It has been established that during lysogeny, phages are in a dormant state and their genomes are copied when their host genomes are copied during replication (21). However, some spontaneous prophage induction can still occur in a small percentage of the host population (28, 29). This spontaneous induction is likely responsible for the decrease in the bacterial growth rate observed in lysogens GBJ002/GIL01 and GBJ002/GIL16 compared to that observed in the nonlysogenic strain GBJ002, yet when the tectivirus infection became stable, the dormant phages were passed to the daughter cells in a very efficient manner, since 100% of the colonies recovered had positive PCR signals for tectivirus. Also, these lysogens presented somewhat changed colony morphologies, being more evident in the lysogens infected by phage GIL16. Also, when phages were induced from lysogens GBJ002/GIL01 and GBJ002/GIL16 growing in liquid medium by DNA-damaging (i.e., mitomycin C) treatment, there was a dramatic reduction in the optical densities of the bacterial cultures (below the limit of detection; Fig. 2), indicating that bacterial lysis had occurred in the majority of the cells. Therefore, the induction of tectiviruses in natural environments by specific signals other than mitomycin C (e.g., UV induction) may have important ecological consequences, since they can cause mortality in the majority of B. thuringiensis cells.

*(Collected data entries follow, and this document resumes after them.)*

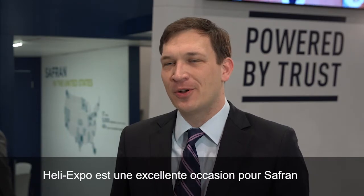Here at HeliExpo, we've got a great opportunity to meet with a full range of customers, including prime contractors as well as government customers.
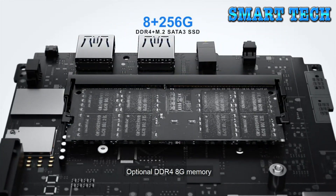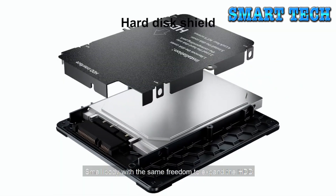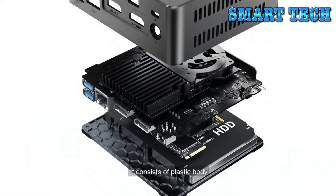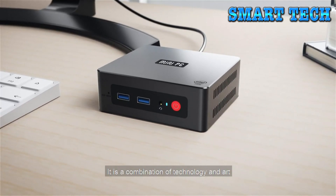Optional DDR4 memory, low power consumption, longer battery life. Small body with the same freedom to expand the HDD. It consists of plastic body, heat insulation board, and acrylic board. It is a combination of technology and art.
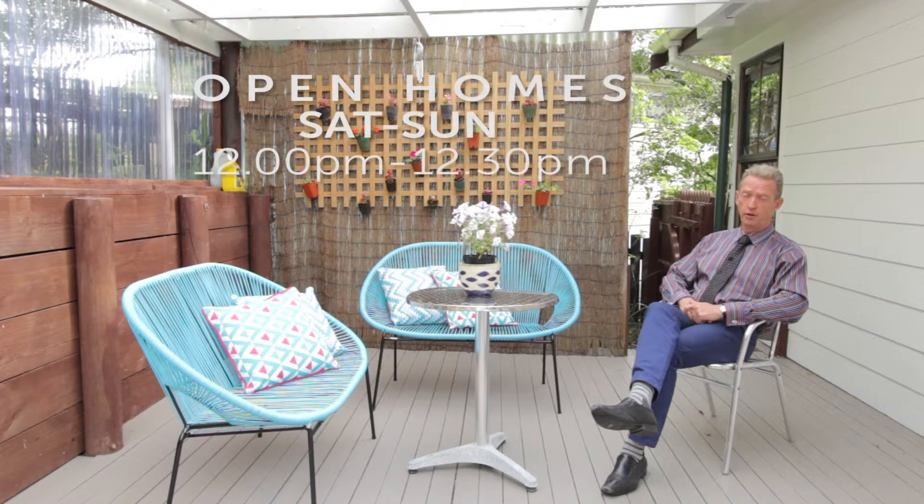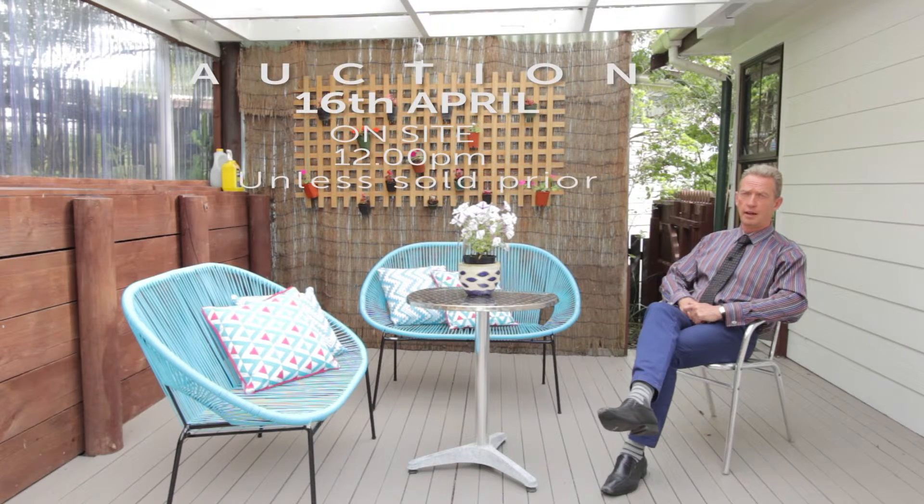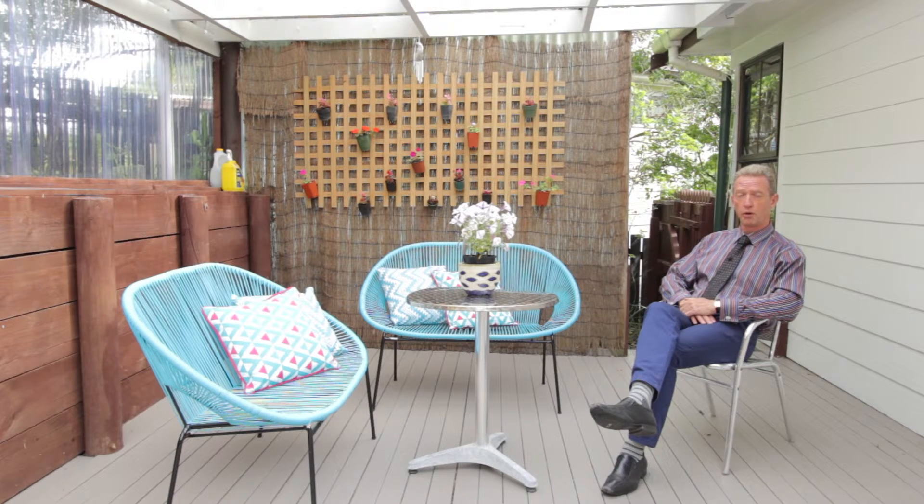Open homes are Saturdays and Sundays 12 to 12:30, or by private viewing. The auction will be on site on Saturday the 16th of April at 12pm — we'll open at 11:30. If you're looking for an affordable first home with great access to Henderson and New Lynn, come and see us at 6 Glucina Place, Glen Eden. We look forward to seeing you!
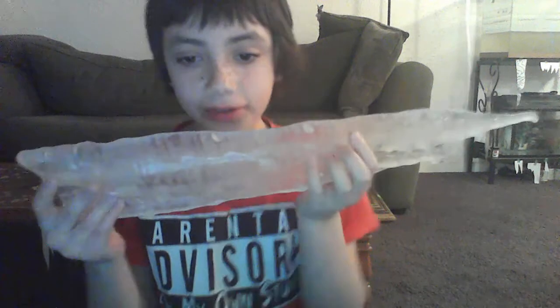Hey guys, we're back with another video. This is my giant icicle — it's about 23 inches long and four inches thick, and you can see it's very pointy.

Moreover, in order to compare the infection yield of phages GIL01 and GIL16, strain GBJ002 was infected separately with equal titers of purified stocks of phage GIL01 or GIL16 at different phases of the bacterial growth curve. It was found that the highest PFU titers for both phages were obtained when host strain GBJ002 was infected during its exponential phase (phase II; Fig. 3). Also, the plaque morphologies were larger during this growth phase. These results indicate that at phase II the host state favors the induction of the lytic cycle of the phage. After 24 h of growth, the PFU titers dropped and plaques were almost imperceptible in the bacterial host lawns (data not shown), yet lysogeny was established for both phages. As other evolutionary and ecological studies have shown, lysogeny becomes the preferred strategy for phages, particularly when the cell density or nutrient cell resources fall below the lower limit necessary for maintenance of the phage lytic cycle (29, 30).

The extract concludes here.